Aunque el gobierno actual presume haber limpiado las finanzas, el historial de la ASF arroja una tradición de discordancia en los números que San Luis Potosí le manda a Hacienda (Sistema de Alertas), diferentes a los que publica en su cuenta pública estatal. Esto no siempre significa robo, desvío o fraude, pero no se disuelve la duda por falta de transparencia. Es como manifestar un sueldo de 10 pesos, pero en los recibos de nómina registran 12.

En 2024 volvió a aparecer la falta de documentos que acrediten a dónde se fueron los ingresos sobrantes. Esto indica que el estado sigue operando bajo una lógica de “gasto primero y justifico después”, falla año con año en comprobar con rigor técnico y transparencia total cómo toma las decisiones de gasto.

El otro “pecado” recurrente de la administración gallardista, a ojos de la ASF, es la falta de evidencia técnica (como los análisis de costo-beneficio de obras grandes), lo que impide saber si las obras que se hacen con dinero extra realmente son la mejor opción para la gente. El mejor ejemplo es la Arena Potosí, inaugurada a fines de 2024.

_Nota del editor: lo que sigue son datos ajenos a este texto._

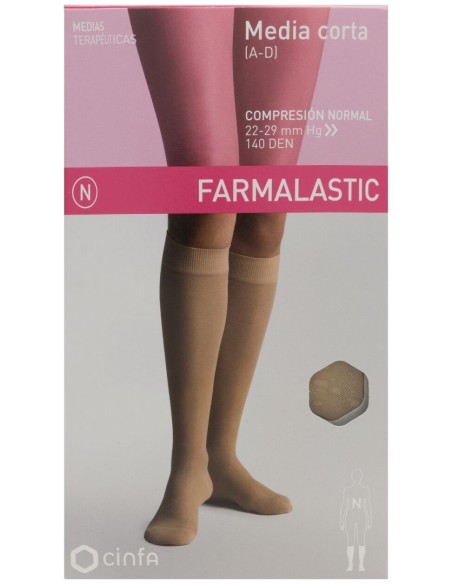 Farmalastic Media Corta (A-D) Compresión Normal T-Grande Beige 1 Par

El mapa de la opacidad se extiende a la esfera municipal. En Rioverde, bajo la gestión del reelecto Arnulfo Urbiola (por el Partido Verde), la ASF determinó que el municipio no realizó una gestión eficiente, con un probable daño al erario de 25.6 millones de pesos, el dictamen es una mancha para una administración que presume continuidad.

En Catorce, el caso de la exalcaldesa María Guadalupe Carrillo (quien del PAN saltó al Verde) es, quizá, el más vergonzoso. La auditoría reveló que el municipio infringió la normativa en el 100% de los recursos federales revisados, con más de 53 millones de pesos sin aclarar. Gastó como se le vino en gana y ya casi al final de su desmecatada administración, corrió a protegerse bajo el amparo del partido del gobernador. Una gestión que la ASF califica, sin ambages, como ni eficiente ni transparente.

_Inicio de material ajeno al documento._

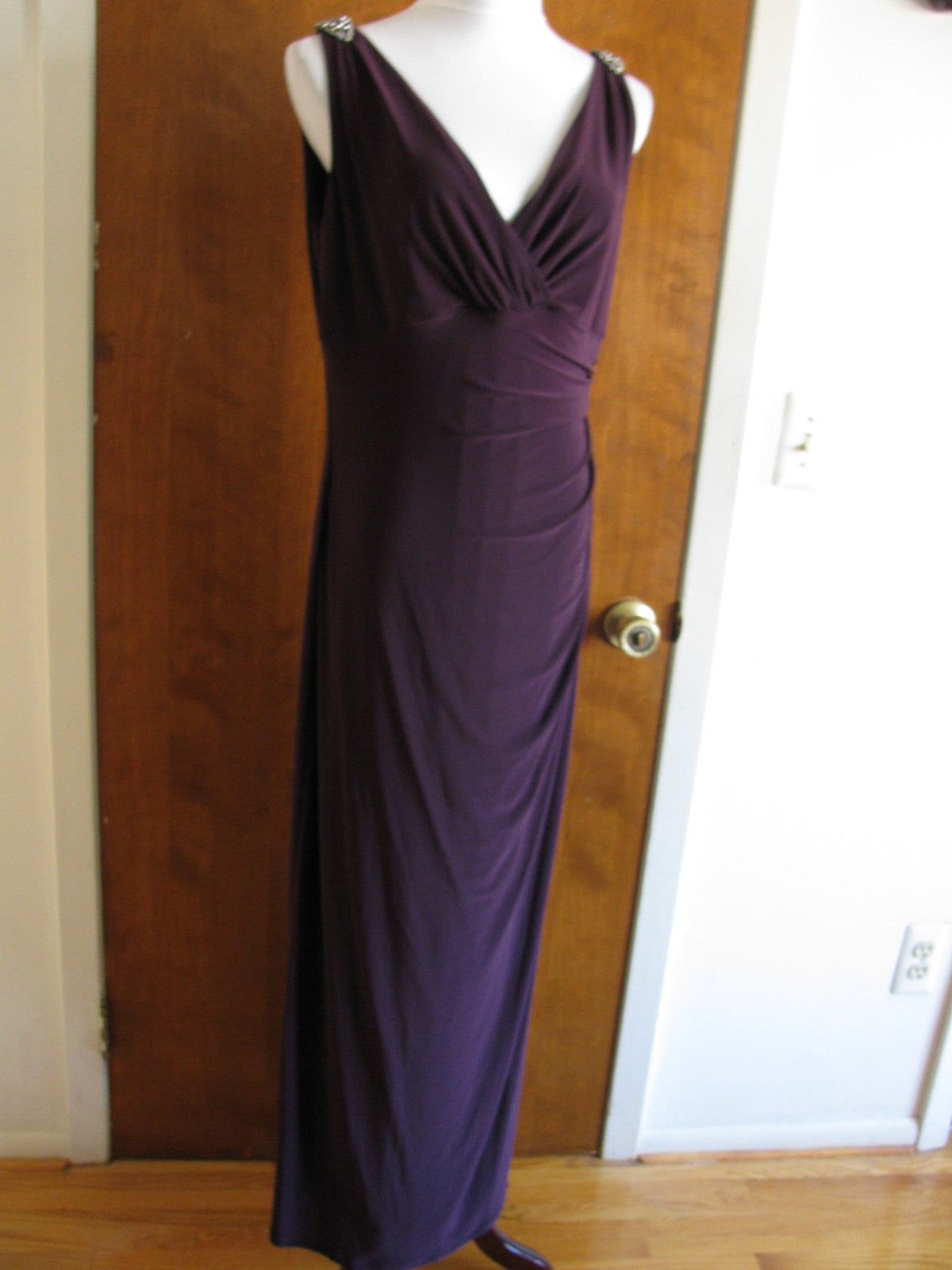 Ralph Lauren women’s maxi raisin lined cocktail dress size 8 New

Los centros del saber, autónomos o no autónomos no escapan al escrutinio. La Universidad Politécnica carga con observaciones por 4.8 millones de pesos por incumplir leyes presupuestarias, mientras que la UASLP tiene en el dictamen un manejo razonable, pero falló en sus obligaciones de transparencia al no reportar adecuadamente el uso de sus fondos a la Secretaría de Hacienda.

El ciudadano común tiene derecho a saber si sus autoridades invierten bien el dinero de todos o simplemente se lo están gastando.